## Data records
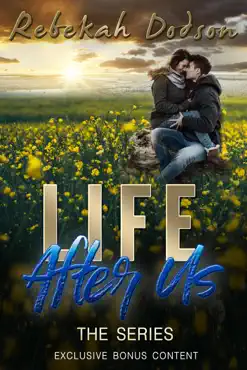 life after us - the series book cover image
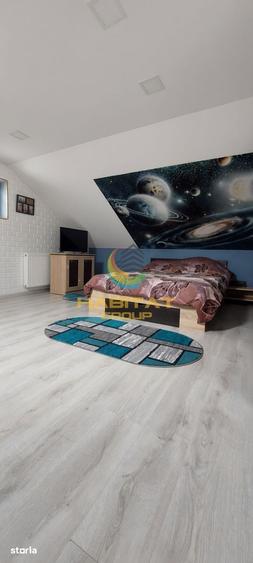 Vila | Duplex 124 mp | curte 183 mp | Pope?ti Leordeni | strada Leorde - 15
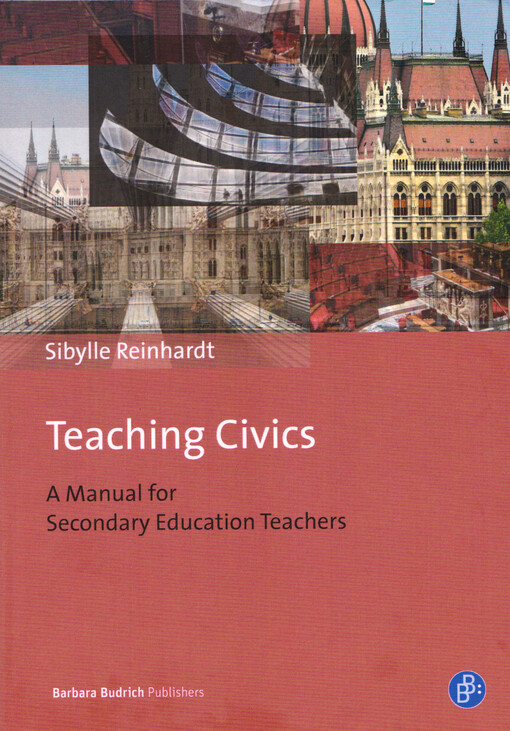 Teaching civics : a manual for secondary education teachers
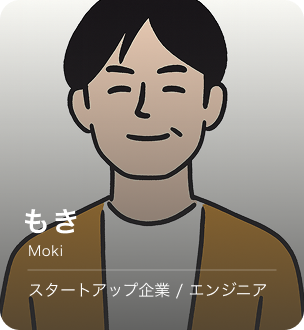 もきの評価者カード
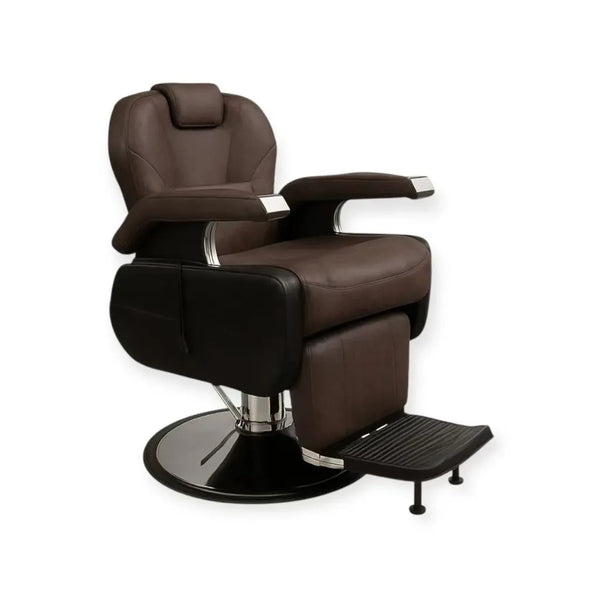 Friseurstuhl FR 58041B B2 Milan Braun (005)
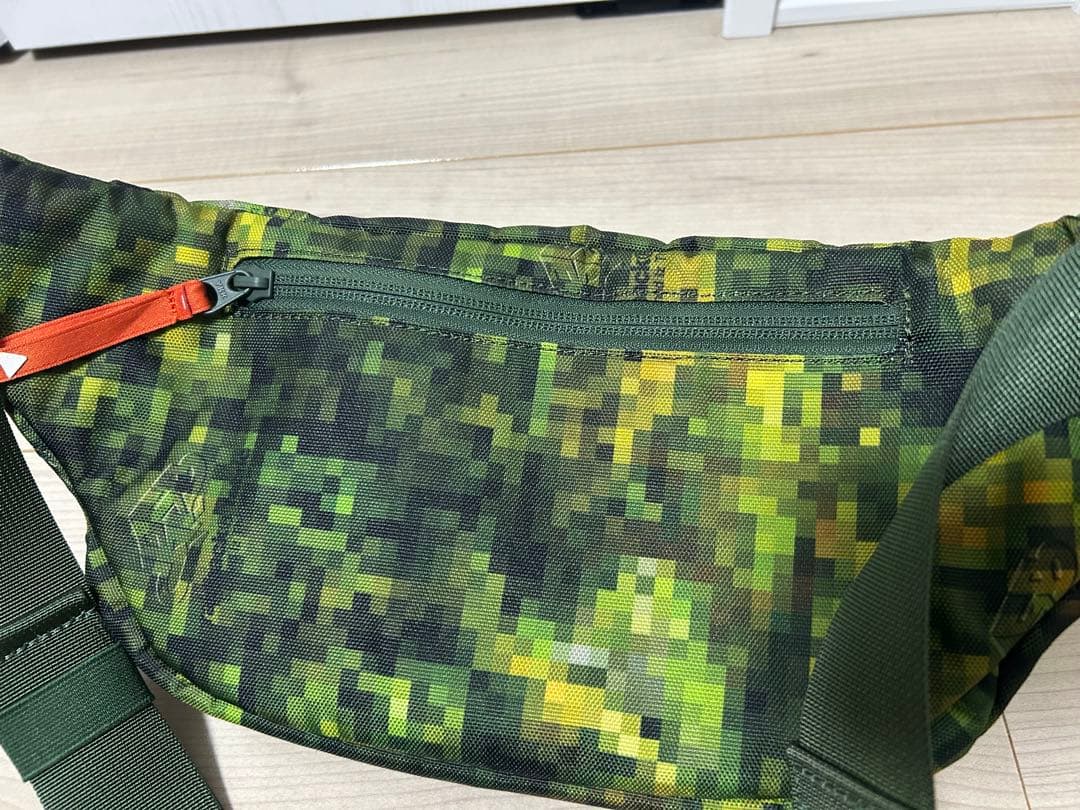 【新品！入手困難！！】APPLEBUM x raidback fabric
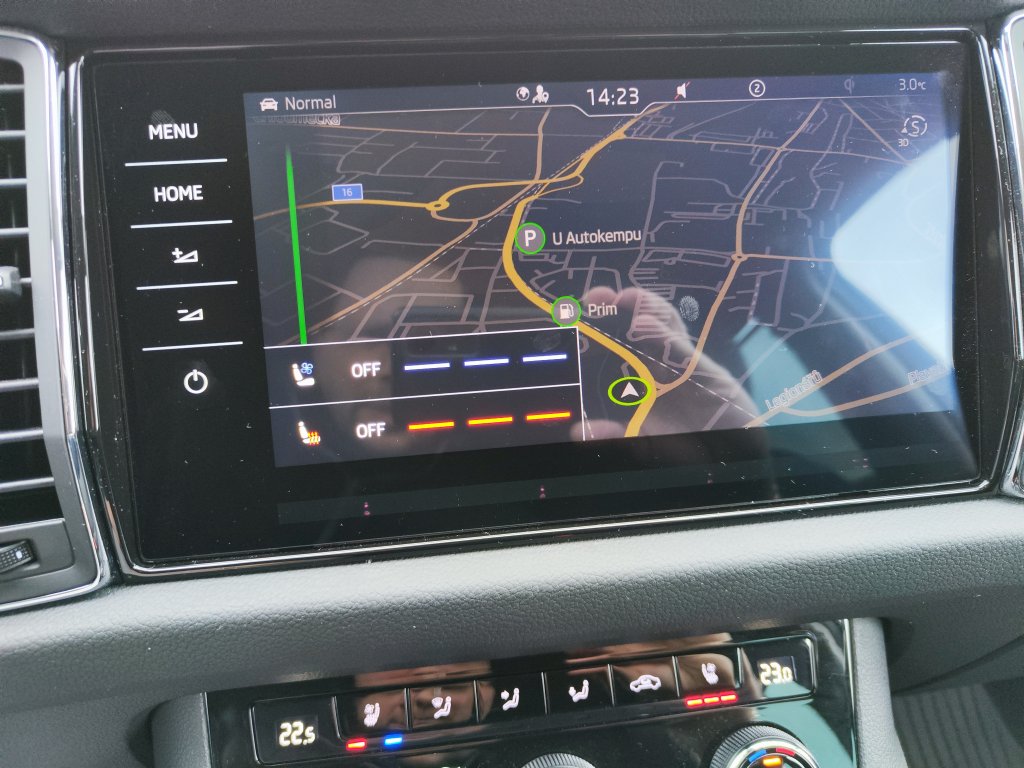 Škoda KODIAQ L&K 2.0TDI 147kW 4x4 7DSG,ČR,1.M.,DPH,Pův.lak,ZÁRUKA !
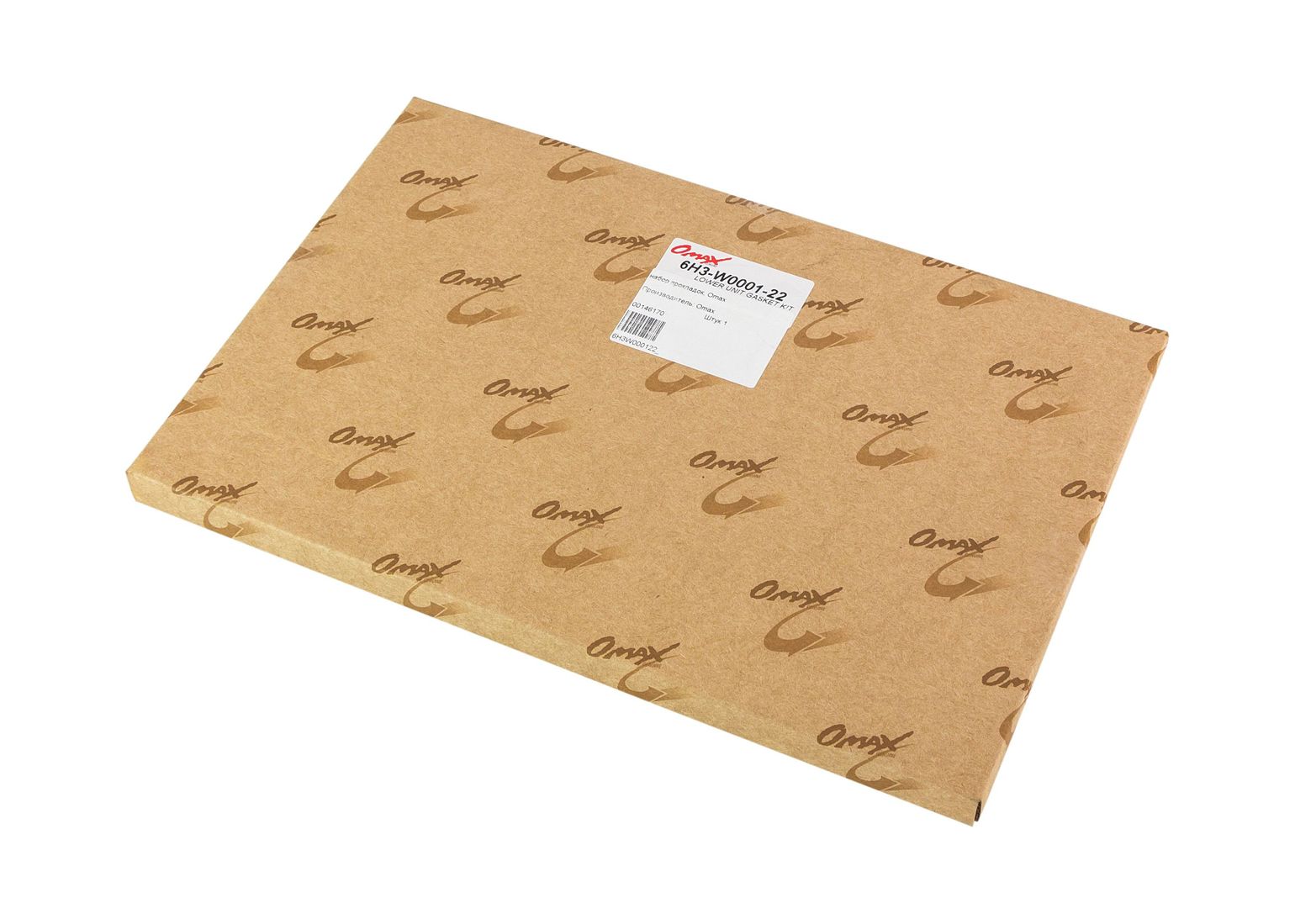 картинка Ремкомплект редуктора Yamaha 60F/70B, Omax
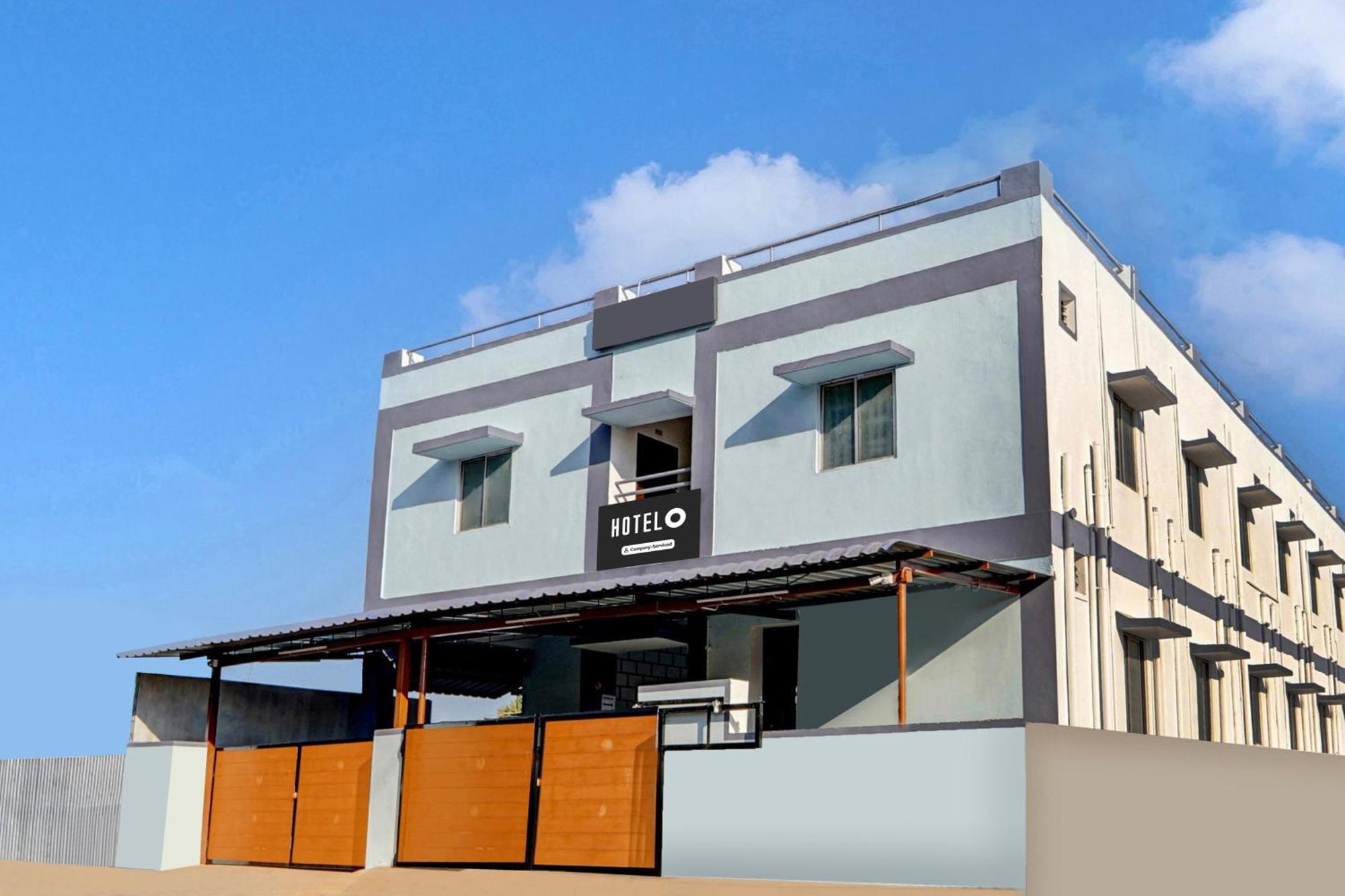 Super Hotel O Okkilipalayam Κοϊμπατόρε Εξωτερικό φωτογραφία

## About this task
The answer consists of the lines from the one holding "Vila | Duplex" to the end of the records, inclusive, restated exactly and without pictures.

## Response to this exercise
 Vila | Duplex 124 mp | curte 183 mp | Pope?ti Leordeni | strada Leorde - 15
 Teaching civics : a manual for secondary education teachers
 もきの評価者カード
 Friseurstuhl FR 58041B B2 Milan Braun (005)
 【新品！入手困難！！】APPLEBUM x raidback fabric
 Škoda KODIAQ L&K 2.0TDI 147kW 4x4 7DSG,ČR,1.M.,DPH,Pův.lak,ZÁRUKA !
 картинка Ремкомплект редуктора Yamaha 60F/70B, Omax
 Super Hotel O Okkilipalayam Κοϊμπατόρε Εξωτερικό φωτογραφία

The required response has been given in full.